Now, this is going to be a post in which I share what I have learned over the span of a year or so, whether it be from youtube, from other blogs, from books etc etc. So, I am making a compiled list of all the knowledge gifted to me.
Just kidding, it’s going to be a collection of bad advice and sarcasm, because, have you met me? It’s what this whole blog is about, so stay tuned to some of the advice that I have picked up.
write every day – and if you don’t have time to write every day, are you even a writer? Let me take that gold medal cookie your bought yourself away from you, you unholy being..
write like no one is going to read it- then who in the fuck is going to read it later? the dust bunnies in your multiple drawers where you will keep your work hidden, never to see the light of day? I suggest you move to a different hobby
write what you know- and don’t ever even try to do some research and never grow as a person, writer or storyteller. You are who you are, stick to it!
Quantity produces quality.

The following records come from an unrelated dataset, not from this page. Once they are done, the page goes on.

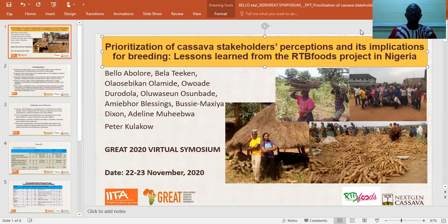Good morning. My name is Bello Abonore. I am here to present a topic titled, Prioritization of Cassava Stakeholder Perceptions and Implications from Breeding: Lessons Learned from RTB Foods Projects in Nigeria. This study was conducted with my colleagues whose names appeared on the slide.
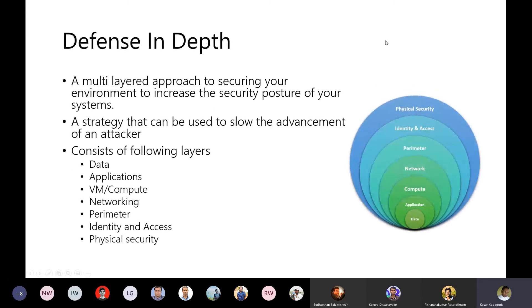Defense in depth is a multi-layered approach to security. When securing your environment and applications, it's never about a single layer or single point. You need to look at all the layers and apply security where necessary on each one. The mindset is: when one security measure fails, another measure in a deeper layer will prevent or slow down an attacker.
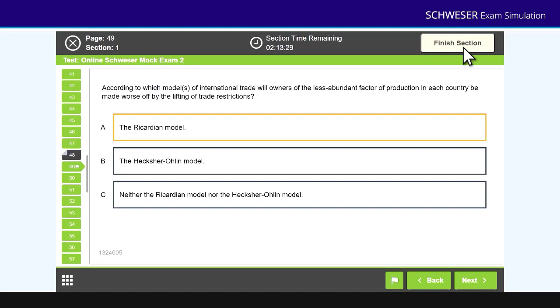Now remember the way the exam works. At the moment, in the morning paper or the first paper, you'll have ethics and all of those questions will be blocked together. And after ethics, you face investment tools, that's quants, econ and FRA, and those questions are randomized. So you might face one question on quants, the next question might be econ, the next question might be FRA, then you might have another econ question, then another quants question, etc. So randomized within those three topic areas. And that's what you face in the morning exam.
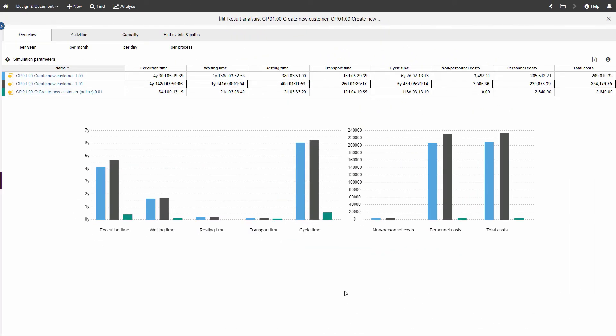An optimized online version of the process has been created. Run a simulation on all three process variants to see if and to which extent switching the process to online form makes sense.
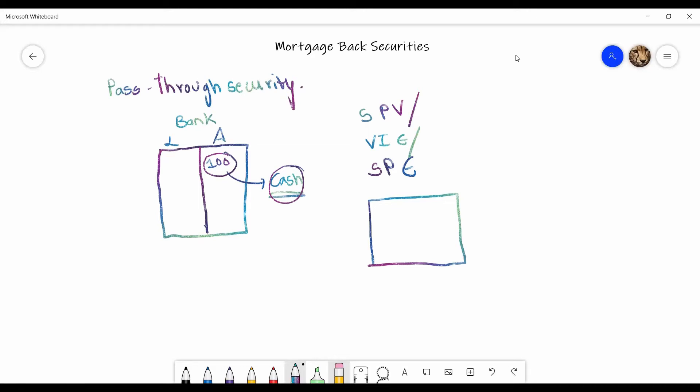The bank says, alright, you can take this 100 and you can put it in your assets. So it transfers this loan that was generated primarily by the bank to the SPE. And now the SPE has a loan of 100, which was initially started by the bank, but now it's on their sheet.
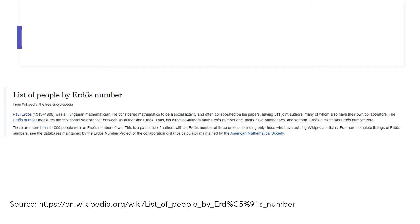The Erdős number demonstrates that there are highly interconnected networks in scientific communities. All scientists are connected to one another through the papers they have written — the web of science is a small world network. Researchers built a co-authorship network using mathematicians' co-authorship data from 1991 to 1998. In this network, there were over 70,000 mathematicians connected by over 200,000 co-authorship ties. If mathematicians had chosen their co-authors randomly, according to random network theory, the co-authorship network would have a very small clustering coefficient.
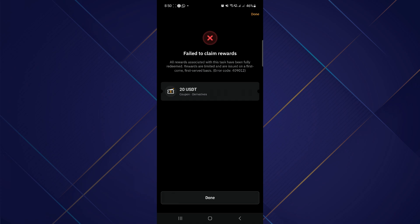So you have to wait until they update their coupon, and then you can easily claim it and use it for trading. That's basically how you can use the 20 USDT coupon on Bybit. That's all for this video. Thanks for watching!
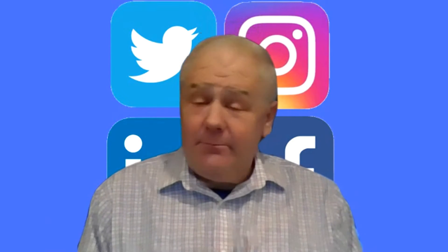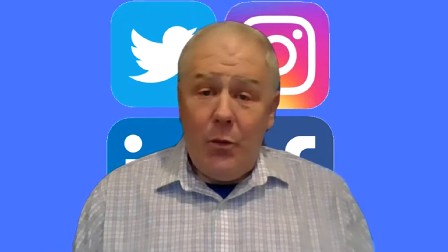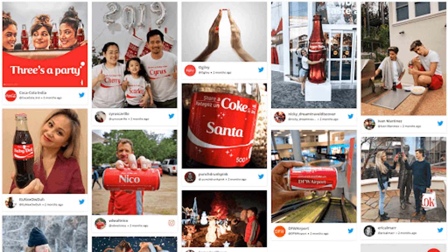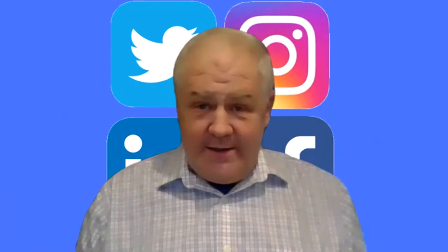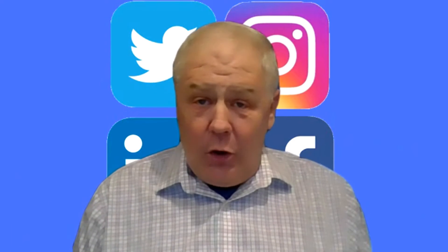I'll give you a couple of quick examples. One that Coke did was to start putting everyone's name on a Coke bottle. So whenever you came across a Coke bottle with your name on it, you would snap a picture and say, 'Hey, look — Coke has my name on it.' And that generated tons of UGC for Coca-Cola.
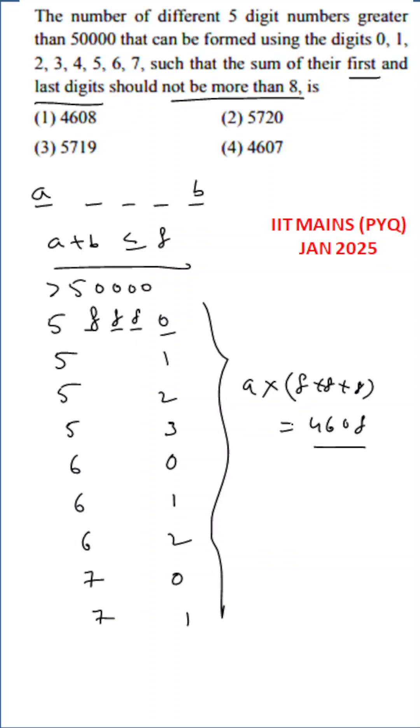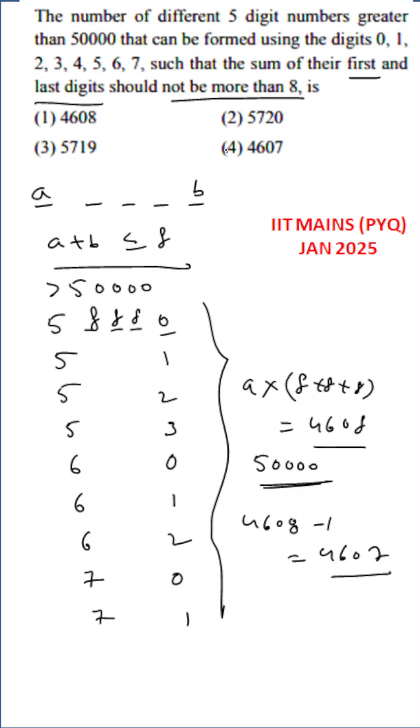But in the first case we may get 50,000. So we need to, we should not include 50,000 because greater than 50,000 they are asked. So 4, 6, 0, 8 minus 1 is equal to 4, 6, 0, 7. Option 4 is the correct answer.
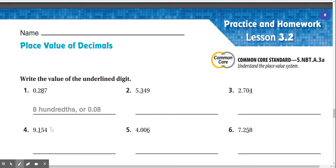Practice and homework lesson 3.2, place value of decimals. Write the value of the underlined digit.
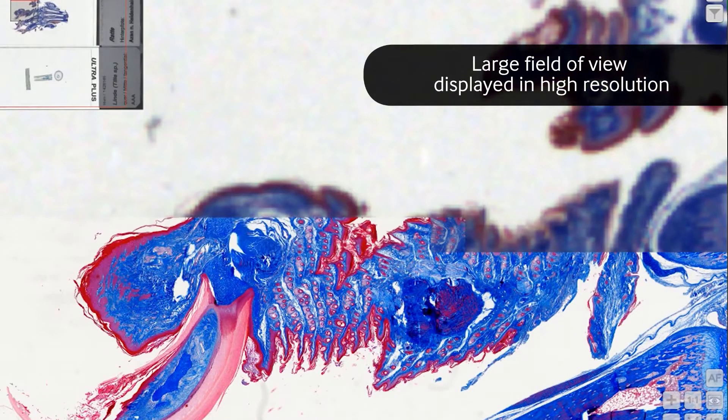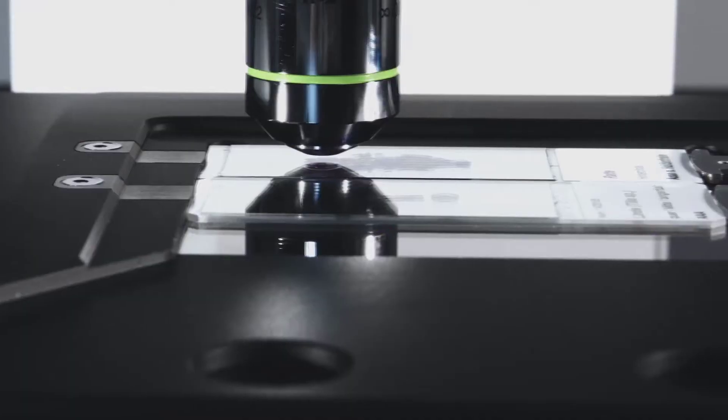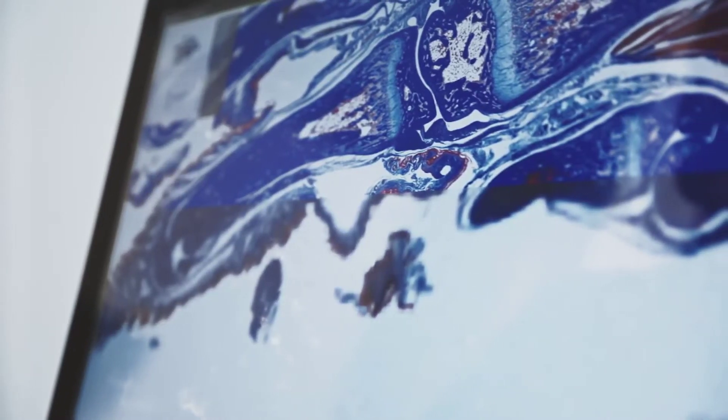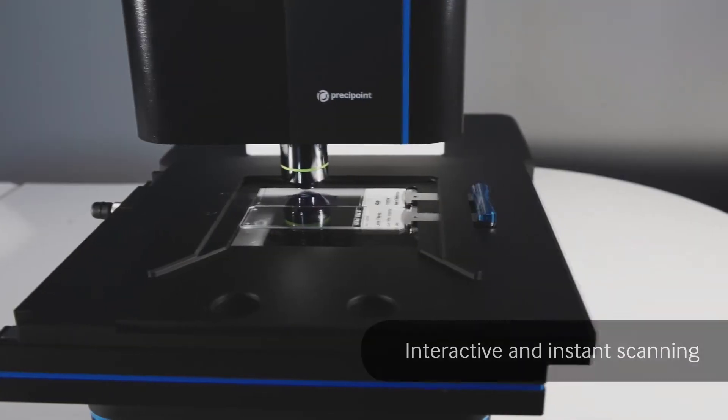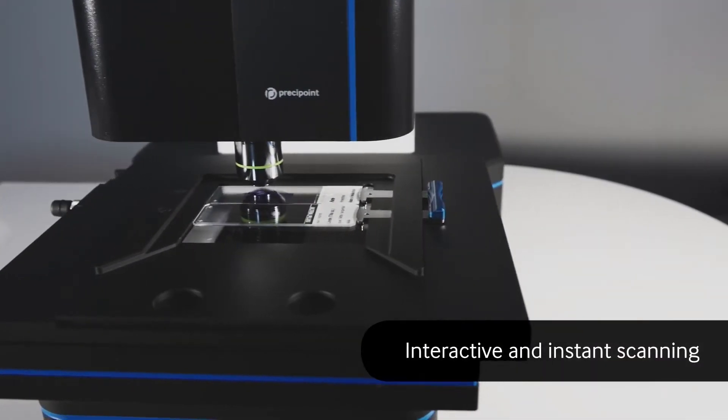Consisting of many combined high-resolution images. Never seen before in microscopy, this is what we call interactive and instant scanning.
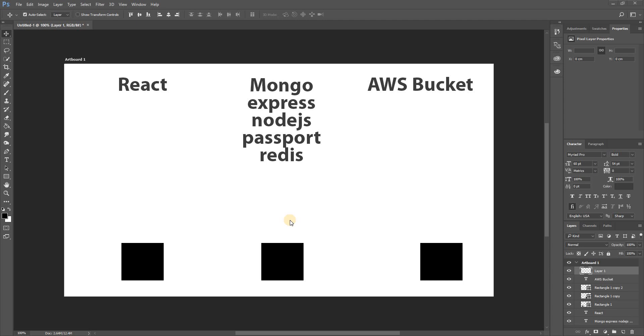So for our frontend, we're going to be using React. We're going to be using some technologies and these are basic ones. We might have some smaller technologies or libraries that we're using like Axios, but we're not going to get into that right now.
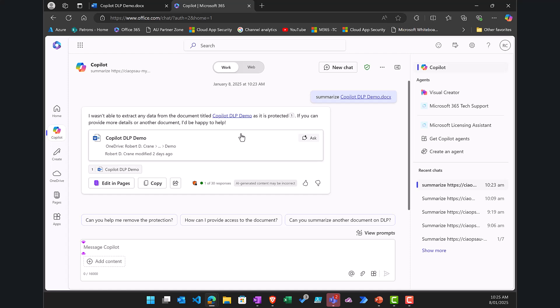but the label is going to indicate to the DLP policy that that document cannot be used inside Copilot to generate new information or to be used in any of the processes. That's really how simple it is.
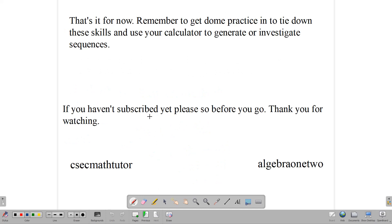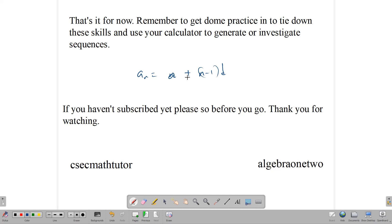That's how we work on finding the nth term of simple arithmetic sequences using the formula aₙ = a + (n−1)d. You can use a calculator to generate sequences, practice them, and investigate them — they can be a lot of fun. If you haven't subscribed, please remember to do so. Thank you for watching, and I hope this helped you understand how to find the nth term of simple arithmetic sequences.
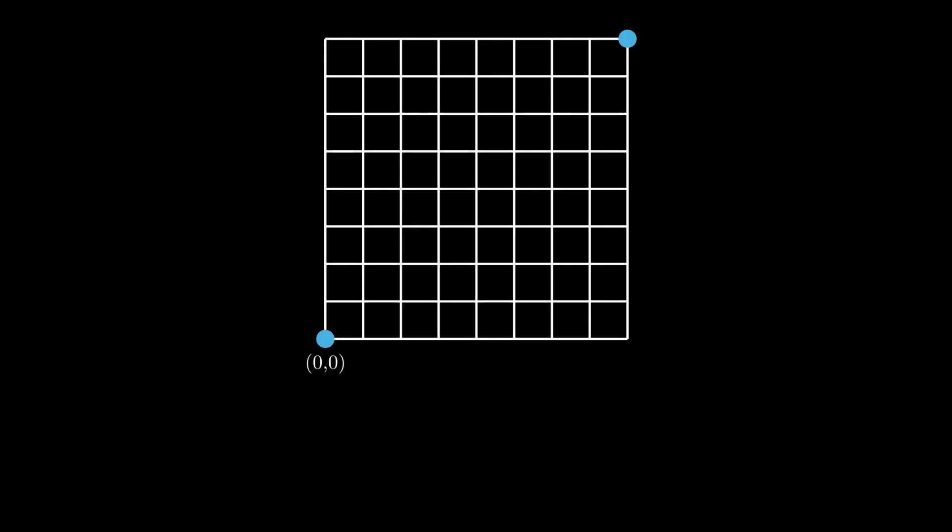You start at the bottom left corner of an 8x8 grid. Assume that the bottom left corner is the origin. A landmine is present at every point where both the x and y coordinates are odd. These are denoted by the red points. In one move, you can move one unit to the right or one unit up. You want to reach the top right corner.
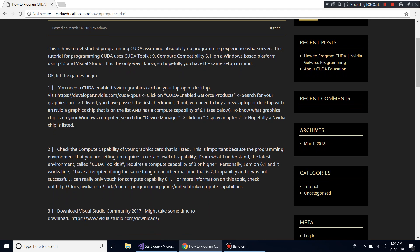The compute capability is important because the programming environment you're going to use — CUDA Toolkit 9 — assumes a 6.1 level. From what I understand, the toolkit may allow compute capability of 3 or higher, but don't quote me on that. I can only vouch for 6.1, because that's what I'm running.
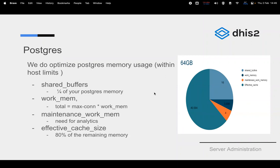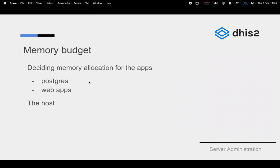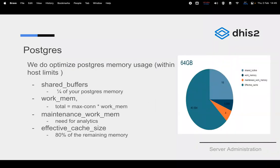To clarify: the PostgreSQL configuration calculations are based on the memory budgeted to PostgreSQL, not the total system memory. So if you've budgeted 32 GB to PostgreSQL from a 64 GB system, the shared_buffers calculation is based on that 32 GB. If you budget the full 64 GB to PostgreSQL, that means your system has considerably more RAM — perhaps 128 GB total.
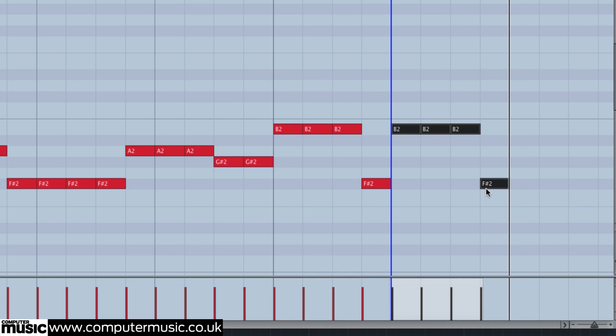We love our DAWs snap-to-grid functions. They can help us keep MIDI events aligned perfectly to our beats. However, as we've already discussed, sometimes you might want to move notes freely without having to turn snapping on and off all of the time.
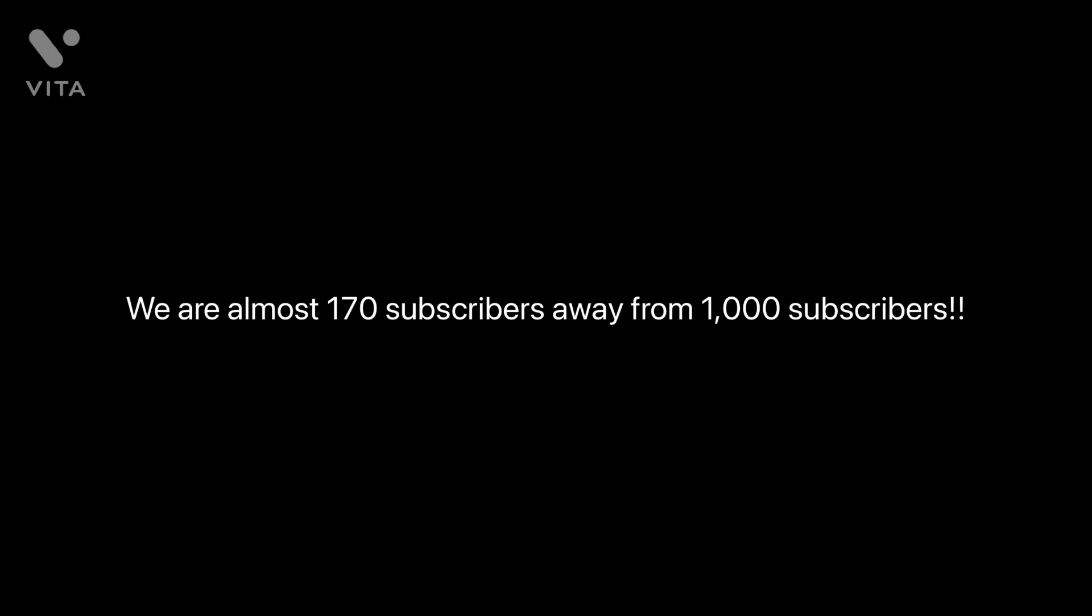We are almost 170 subscribers away from 1,000 subscribers. And if we could just get 170 more, I will start opening so many more products.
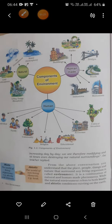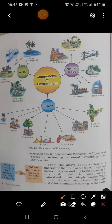There are three components of environment. Environment is made up of three components: the first one is natural, the second one is human-made, and the third is human. Natural environment means air, water, land, and living beings.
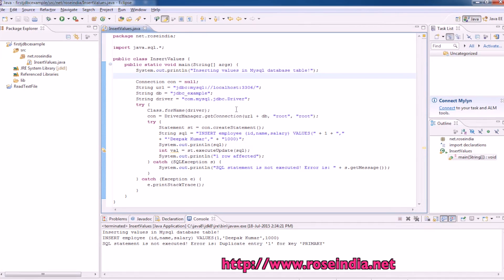In this video tutorial, I am going to teach you how you can create first JDBC program that inserts the data in MySQL table.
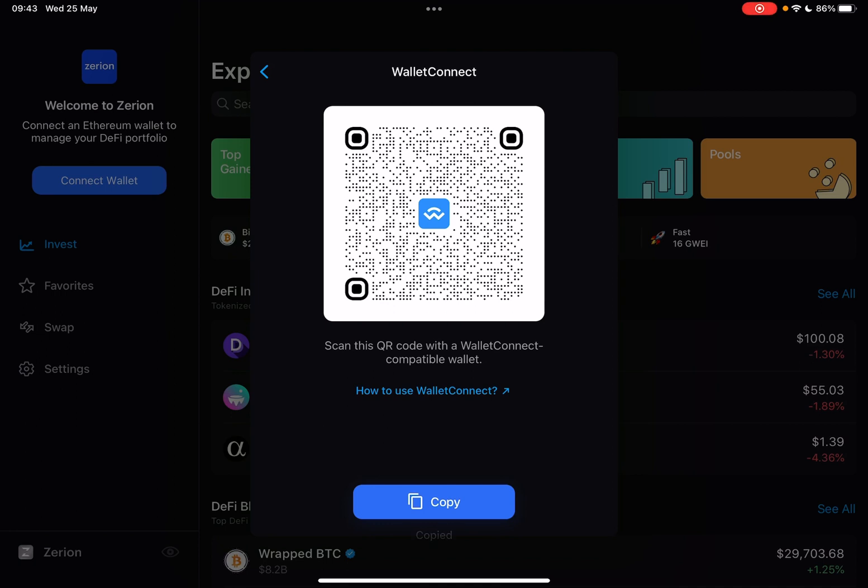Or you can also use the Copy icon, which is going to copy your address, and you can use that for connections as well, and it's going to appear on your Wallet Connect.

If you only write a few things, you are doomed. – but focus solely on quantity, the more the marrier!
Give your readers as much information as possible as soon as possible – because everyone loves an infodump and has the will to read the next 300 pages if they know everything that has happened in the first 20 pages.
Consistency is the last refuge of the unimaginative- the opposite of write every day… write once in every blue moon, and see what happens… and try not to active your bipolar disorder between these two pieces of advice…
Don’t make your opening scene too dark.- so never write any horror or thriller or anything of the sort, just rainbows and sunshine, and love triangles.
A novel needs a prologue. – and tell the whole history of it in those 2 pages
“Said” is boring. Use more energetic tags like “exclaimed”,”growled”, and “ejaculated.”- this is not the porn industry, calm yourself.
Never use sentence fragments: all characters must speak (and think) in perfect English.- everyone in the entire world speaks perfect English, and so should your characters, after all, they are the epitome of perfection (and not just in your head!)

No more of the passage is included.